- Recorded information -
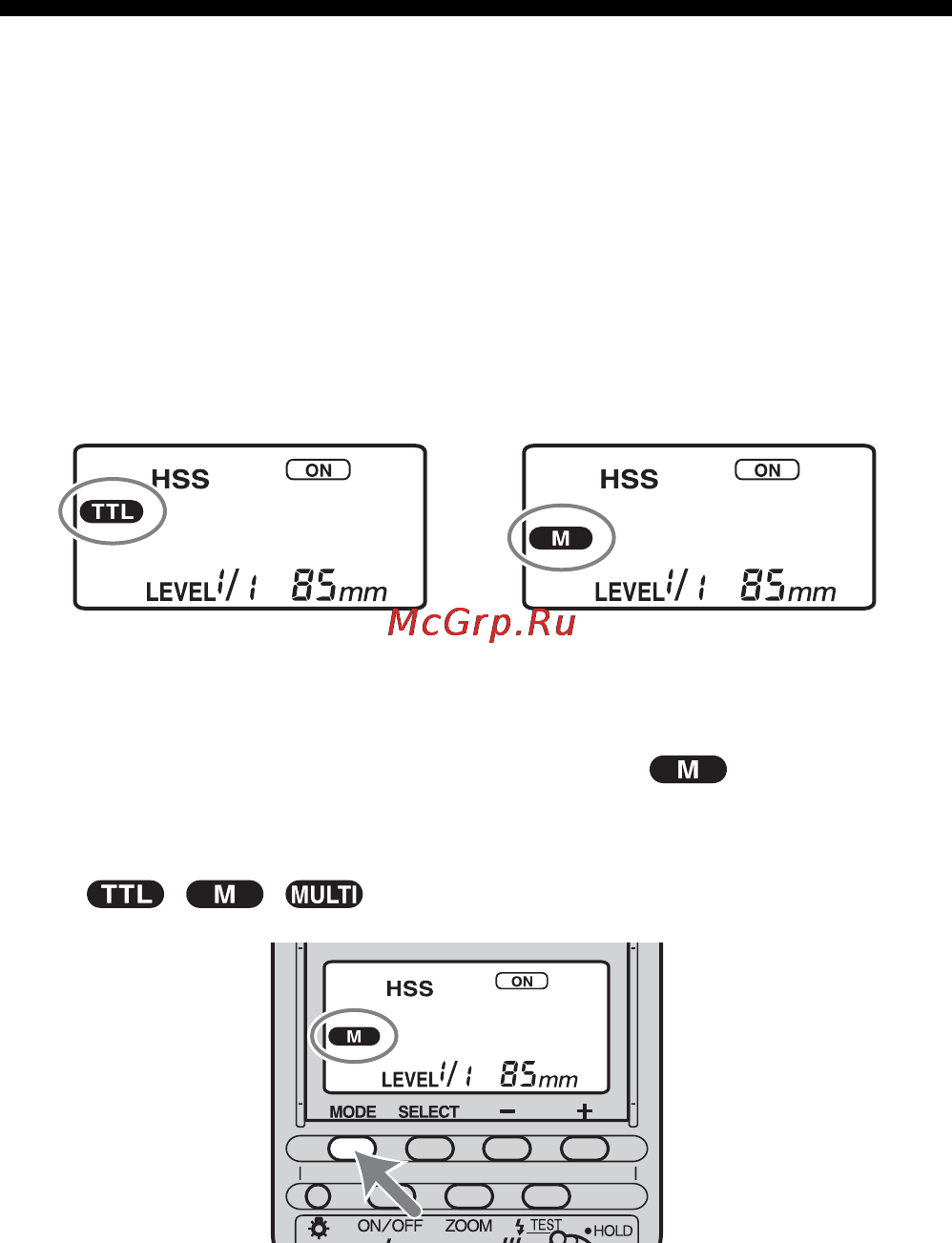 Sony HVL-F56AM Инструкция по эксплуатации онлайн [212/304] 39588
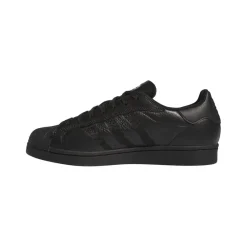 Trainers|Footwear*adidas Originals Unity x adidas Superstar ADV Trainers in Black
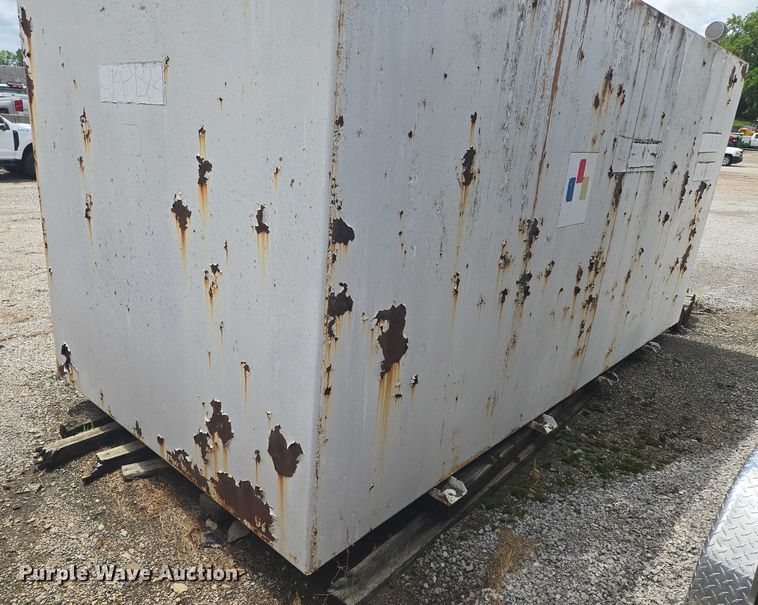 image for item EF1652 Fuel tank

- Work request -
Leave the pictures out, and copy exactly each line from the one containing "Trainers|Footwear*adidas Originals Unity" through the final line of the data.

- Expected answer -
 Trainers|Footwear*adidas Originals Unity x adidas Superstar ADV Trainers in Black
 image for item EF1652 Fuel tank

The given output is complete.